Los clivajes internos entre los personajes de la villa demuestran que también se reproducen los estigmas sociales frente a los cuales uno imaginaría solidaridad de clase y no discriminación o un nuevo momento de exclusión al interior de los vínculos familiares, amorosos y de amistad. La desunión frente a la desigualdad es un gran logro para que la organización no llegue a una escala que ponga en peligro real un orden que si bien caótico, todavía funciona extrayendo plusvalía sin mayores obstáculos.

El trabajo es, entonces, abordado como la posibilidad casi remota de cobrar un sueldo en blanco. El trabajo, también, como quien sale a cartonear y vivir de lo que a otros les sobra a modo de basura. Y, por último, y el que resulta más interesante por su abordaje fílmico: el trabajo como salir a robar, meter caño. Allí González demuestra que el acto de robar es también un momento estético premeditado, una salida para la que se preparan no sólo mentalmente sino para la que también construyen una imagen.

La imagen del pibe chorro arruinado por las drogas, sin rastros de higiene, quemado, no existe más: gel, perfume, tatuajes, elección concienzuda de la ropa y su combinación. Robar es el atajo más rápido para poder consumir y sentirse parte, integrarse a ciertos grupos de referencia, sin someterse a la explotación por un sueldo magro por el que se deja más de la mitad de los días de la semana.

Si la publicidad ha logrado como nunca antes construirnos necesidades tan legítimas para todos los estratos sociales, afirmar que por pobre no deban sentirse las mismas ganas de poseer un smartphone, zapatillas caras, ropa nueva, autos, equipos de música, etc., es negar la condición de ser social de esos sujetos marginados. Y estas líneas no avalan la violencia: juzgan el proceso violento de conformación de estas prácticas y no el resultado como hecho aislado de cualquier construcción histórica. Allí reside lo que puede un cuerpo: todo lo necesario para sentirse parte de la cultura compartida.

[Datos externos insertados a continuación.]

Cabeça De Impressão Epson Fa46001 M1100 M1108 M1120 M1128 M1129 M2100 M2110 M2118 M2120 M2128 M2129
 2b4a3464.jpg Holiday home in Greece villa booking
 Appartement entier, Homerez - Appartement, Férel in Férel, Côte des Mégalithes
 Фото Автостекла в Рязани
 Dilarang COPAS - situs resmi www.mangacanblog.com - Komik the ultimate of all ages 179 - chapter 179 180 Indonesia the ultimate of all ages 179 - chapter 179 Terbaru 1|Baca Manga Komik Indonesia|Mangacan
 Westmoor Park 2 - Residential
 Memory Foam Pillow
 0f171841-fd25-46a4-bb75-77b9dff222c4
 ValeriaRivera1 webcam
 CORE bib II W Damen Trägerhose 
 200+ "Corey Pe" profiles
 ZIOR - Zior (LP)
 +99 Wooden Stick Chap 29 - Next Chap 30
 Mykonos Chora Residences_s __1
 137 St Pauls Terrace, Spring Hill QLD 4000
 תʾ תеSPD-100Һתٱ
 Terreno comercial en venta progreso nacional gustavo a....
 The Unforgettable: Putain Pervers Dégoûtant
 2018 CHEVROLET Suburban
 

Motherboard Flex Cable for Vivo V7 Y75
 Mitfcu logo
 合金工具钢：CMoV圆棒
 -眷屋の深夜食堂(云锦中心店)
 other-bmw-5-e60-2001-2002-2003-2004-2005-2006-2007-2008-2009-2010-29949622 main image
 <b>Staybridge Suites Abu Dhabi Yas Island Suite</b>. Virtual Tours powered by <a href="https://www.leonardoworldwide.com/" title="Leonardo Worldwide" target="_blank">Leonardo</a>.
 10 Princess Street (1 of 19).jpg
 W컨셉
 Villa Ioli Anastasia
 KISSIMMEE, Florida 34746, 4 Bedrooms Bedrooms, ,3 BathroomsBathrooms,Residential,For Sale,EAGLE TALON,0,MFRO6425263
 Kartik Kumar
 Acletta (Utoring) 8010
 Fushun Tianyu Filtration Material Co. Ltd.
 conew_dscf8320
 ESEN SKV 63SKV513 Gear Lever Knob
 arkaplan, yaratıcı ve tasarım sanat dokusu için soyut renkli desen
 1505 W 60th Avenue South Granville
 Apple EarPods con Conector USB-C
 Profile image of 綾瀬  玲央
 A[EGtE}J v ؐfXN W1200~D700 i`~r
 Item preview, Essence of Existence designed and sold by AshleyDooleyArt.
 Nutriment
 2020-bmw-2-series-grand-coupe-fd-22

César González tiene un futuro promisorio como cineasta y analista de su propia clase de origen. Lo necesario es que existan los recursos: una distribución que no reproduzca las desigualdades harto conocidas y que apoye la producción de los sectores populares que requieren un impulso desde el Estado y no desde el mercado que impone fórmulas de venta y publicidad.

Si no se quiere que la Ley de Servicios de Comunicación Audiovisual se convierta en un cinismo político que discursivamente nos habla de democratización y pluralidad de voces, se requieren proyectos serios que otorguen oportunidades basadas en las cuentas pendientes con aquellos sectores vapuleados a diario históricamente. Esta nueva película es prueba suficiente de que estos tienen muchas historias para contar y una ansiedad por transformar sus circunstancias que pocas veces es reconocida en las representaciones dominantes que de ellos se conforman.